WinForms — Skin Patches

WinForms Team Blog
08 April 2021

As you may know, a few years ago we overhauled our WinForms Skin Editor. This new tool – what we now call "Skin Editor v2" - is superior to its predecessor in every possible way: it includes a more discoverable skin element hierarchy, customizable labels, a collection of extremely useful features (for example, you can Ctrl+Click any element in the Preview panel to obtain a list of skin parts responsible for a given element's appearance), support for vector skins and palettes, etc.

The enhancements introduced in our updated Skin Editor had one shortcoming... If your goal was to make slight modifications to a standard DevExpress skin, you were forced to create a duplicate skin. This meant that you would have to import and register the custom skin. In addition, this process would produce a nearly identical skin – the original and your custom skin - within our skin selector. To eliminate the duplicate, you would have to modify these selectors as well (for instance, hide the standard "Bezier" skin and replace it with "My Bezier" created in the Skin Editor).

To eliminate these issues, our WinForms Skin Editor (v21.1) will ship with skin patch support. A skin patch is a list of visual changes applied directly to a standard DevExpress Skin. Skin patches eliminate the need to generate/import custom skins for your project(s).

How It Works

Here's a great example of a skin patch use case: dock panel captions in our vector Office 2019 skins.

If you're among those who find panel caption fonts too large, you can add the BarAndDockingController and manually set up fonts in the "Docking" section. But doing so means your hard-coded panel fonts will be active regardless of the active skin.

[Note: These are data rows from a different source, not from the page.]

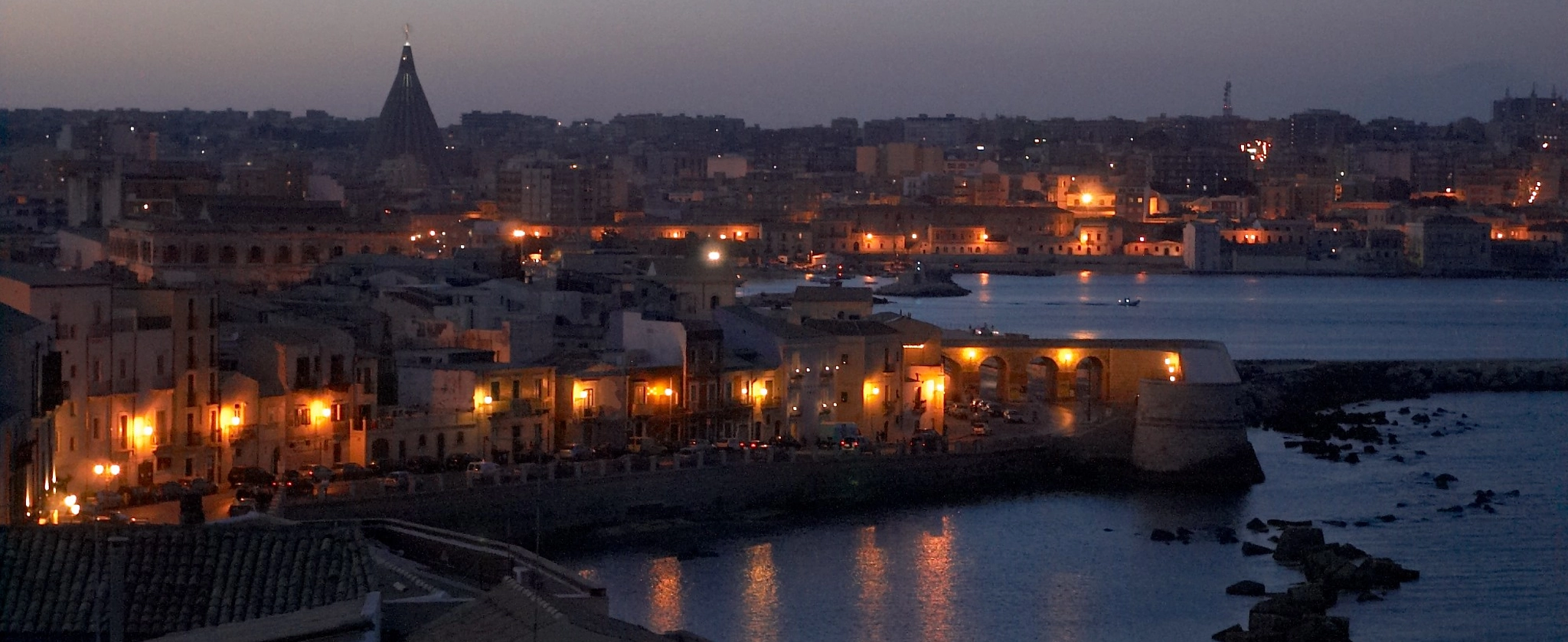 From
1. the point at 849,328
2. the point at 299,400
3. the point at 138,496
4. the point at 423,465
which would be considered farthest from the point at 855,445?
the point at 138,496

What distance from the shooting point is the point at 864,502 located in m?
12.3

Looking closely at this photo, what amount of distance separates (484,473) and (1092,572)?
2772 millimetres

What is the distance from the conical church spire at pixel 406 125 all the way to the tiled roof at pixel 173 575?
56.9 meters

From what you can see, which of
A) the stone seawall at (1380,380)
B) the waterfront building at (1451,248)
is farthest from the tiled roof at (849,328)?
the waterfront building at (1451,248)

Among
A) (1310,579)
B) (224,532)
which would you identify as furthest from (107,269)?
(224,532)

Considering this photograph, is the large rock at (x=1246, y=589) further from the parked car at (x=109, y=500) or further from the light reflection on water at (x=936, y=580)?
the parked car at (x=109, y=500)

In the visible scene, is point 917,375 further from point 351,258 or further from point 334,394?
point 351,258

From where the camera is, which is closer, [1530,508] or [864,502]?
[864,502]

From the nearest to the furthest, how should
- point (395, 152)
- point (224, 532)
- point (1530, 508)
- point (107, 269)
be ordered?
point (224, 532), point (1530, 508), point (107, 269), point (395, 152)

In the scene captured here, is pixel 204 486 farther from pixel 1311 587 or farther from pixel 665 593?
pixel 1311 587

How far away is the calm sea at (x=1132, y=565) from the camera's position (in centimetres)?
945

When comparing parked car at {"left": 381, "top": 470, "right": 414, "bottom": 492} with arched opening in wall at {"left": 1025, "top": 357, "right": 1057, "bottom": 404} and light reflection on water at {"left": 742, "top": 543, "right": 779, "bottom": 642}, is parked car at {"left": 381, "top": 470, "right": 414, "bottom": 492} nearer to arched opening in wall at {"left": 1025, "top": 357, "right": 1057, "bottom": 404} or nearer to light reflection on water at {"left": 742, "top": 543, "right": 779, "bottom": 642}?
light reflection on water at {"left": 742, "top": 543, "right": 779, "bottom": 642}

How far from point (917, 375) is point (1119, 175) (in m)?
54.1

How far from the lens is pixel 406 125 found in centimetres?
6225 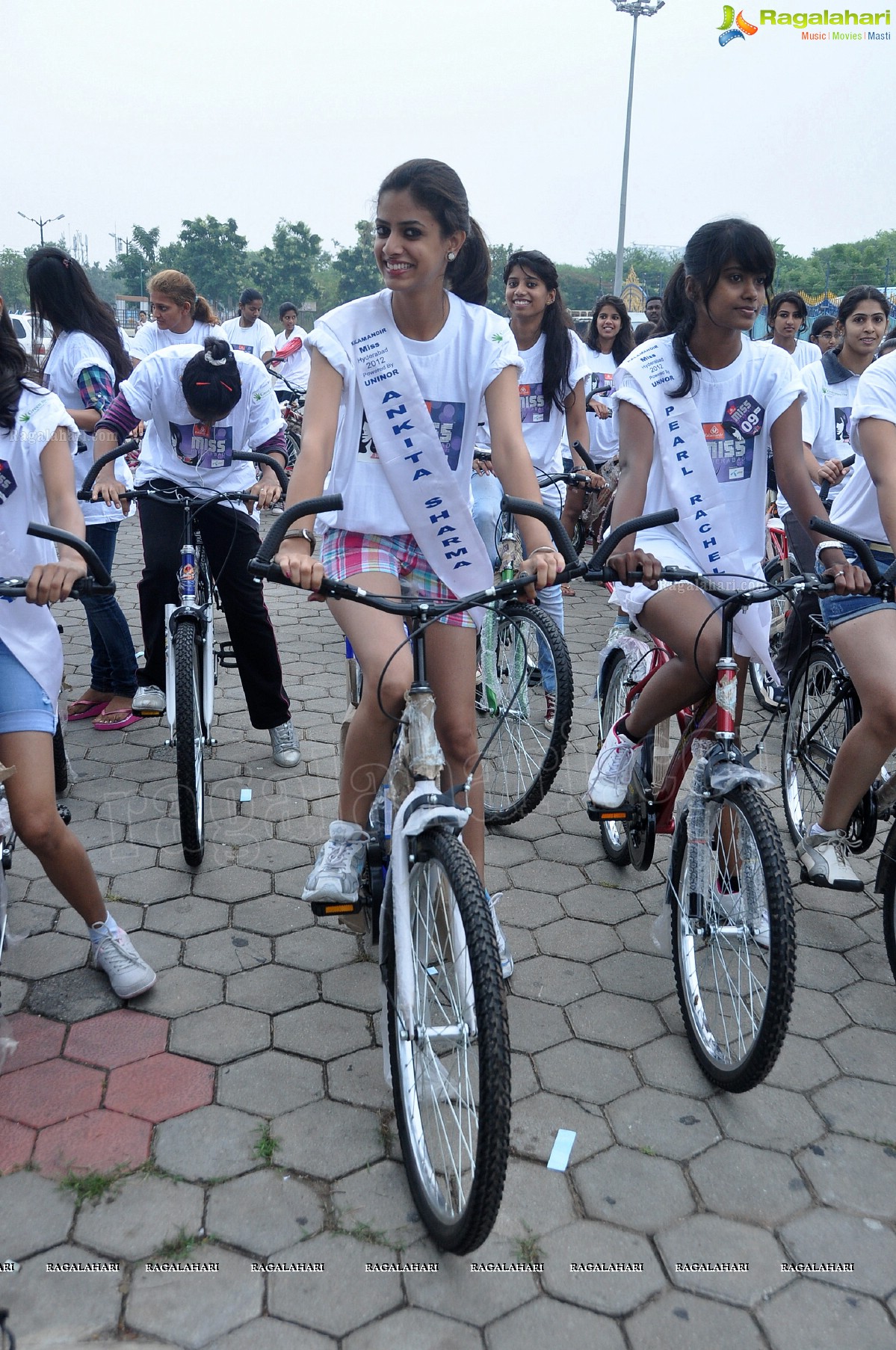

Instead of hard coding or creating a new skin, you can now patch skins. Start the Skin Editor and select the "New Skin Patch" tab. Enter the patch name, local storage folder to save output, and a target DevExpress skin.

Locate elements you'd like to modify, click "Activate" and edit the desired/appropriate settings. In this example we need to reduce the text size delta for a few elements under the "Docking" category.

A patch is saved as a single .skinpatch file. Once saved, import it in your Visual Studio project from a local storage, stream or assembly via the SkinManager.Default.RegisterSkinPatch method.

namespace MyApp{
    static class Program {
        /// <summary>
        /// The main entry point for the application.
        /// </summary>
        [STAThread]
        static void Main() {
            Application.EnableVisualStyles();
            Application.SetCompatibleTextRenderingDefault(false);
            SkinManager.Default.RegisterSkinPatch(Application.StartupPath +
                "\\patches\\O2019C-Fonts.skinpatch");
            //uncomment the following line to undo the skin patch
            //SkinManager.Default.ResetSkin(SkinStyle.Office2019Colorful);
            Application.Run(new MainForm());
        }
    }
}

The image below illustrates the standard "Office 2019 Colorful" skin with a patch that reduces text size delta from 6 to 2.

If you're happy with the result - you're all set. Or you can go further and change more elements in your patch. For example, modify the "Docking > Dock Panels > Caption Buttons" element to reduce button paddings and sizes. This will narrow panel headers to better suite your new caption fonts.